BERKELEY — Cal had two football recruits switch back to their original commitments Wednesday. That was both good and bad for the Bears.
Cal lost the battle for one-time commit Stan Hasiak, one of the country's most heralded offensive line prospects who initially orally committed to UCLA, switched over to the Bears and then ultimately went back to the Bruins. Wednesday marked the first day prospects were permitted to sign a national letter of intent.
That blow was lessened when Cerritos College defensive end Ryan Davis, who originally orally committed to the Bears but switched to Washington last week, ended up signing with Cal.
"As always, it's very, very competitive," Cal coach Jeff Tedford said. "It's a little unsettling because sometimes they go underground and you can't get a hold of them and you don't know what's happening. You're really at their mercy. It's a helpless feeling when you don't know the information.

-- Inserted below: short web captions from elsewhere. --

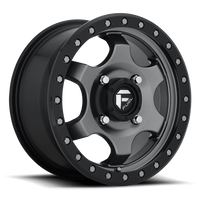 Fuel Gatling UTV 15x7 +55 4x137mm 110.1mm Matte Gunmetal Black Bead Ring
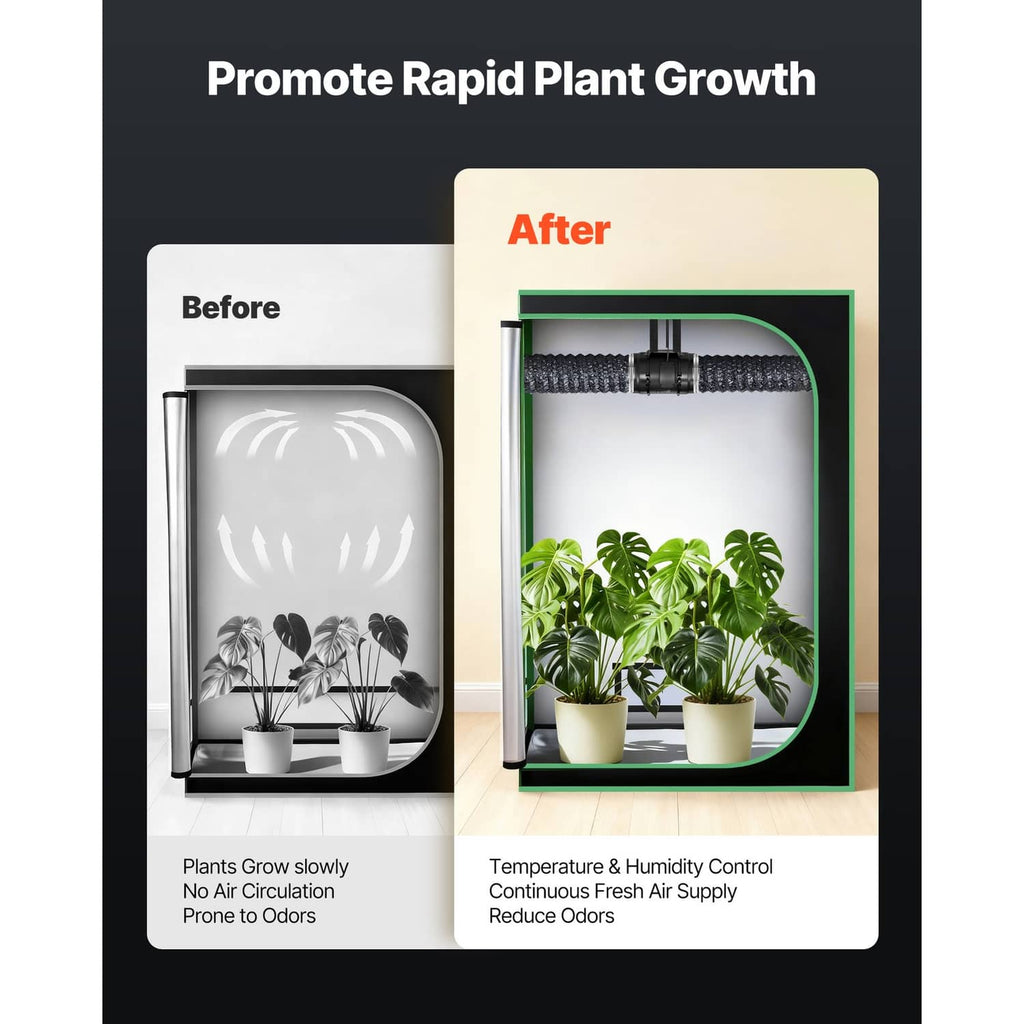 Inline duct fan promoting plant growth and odor reduction (diagram view)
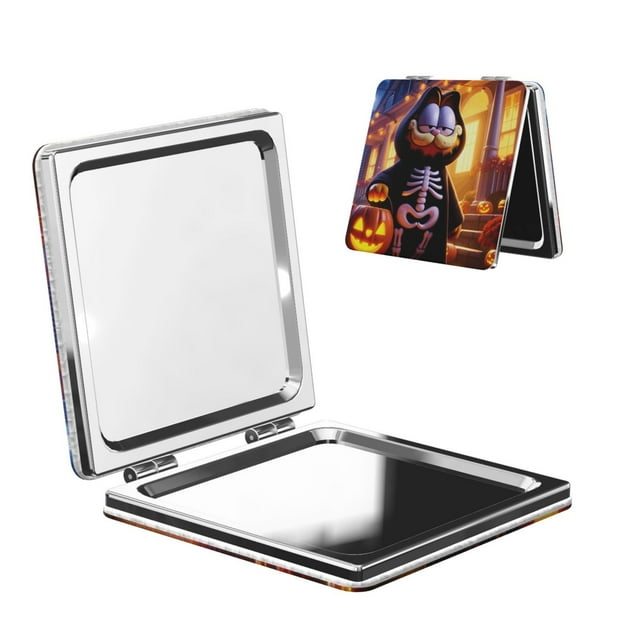 Zufioo Garfield pour Miroir de Maquillage Portable de Poche, Miroir de Beauté Pliable à Main Adapté pour Portefeuille Sac à Main pour Femmes-Carré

"But we're really, really excited about the way it turned out."
Davis is part of an 18-member recruiting class Cal announced Wednesday that is ranked 34th nationally by scout.com and 40th by rivals.com. Those are the worst marks the Bears have had since 2002, Tedford's first class at Cal. But part of that is sheer lack of numbers. The Bears didn't have as many scholarships to offer as in past years.
"Numbers aren't what fans should be concerned about," ESPN Scouts Inc. national recruiting director Tom Luginbill said. "You can only sign as many as you graduate. Fans shouldn't be worried about having 25 recruits in a class. They should be worried about the 85 guys on scholarship."
Still, Cal's past two recruiting classes have yielded the lowest rankings since 2002, perhaps demonstrating the Bears haven't fully recovered from their meltdown in 2007.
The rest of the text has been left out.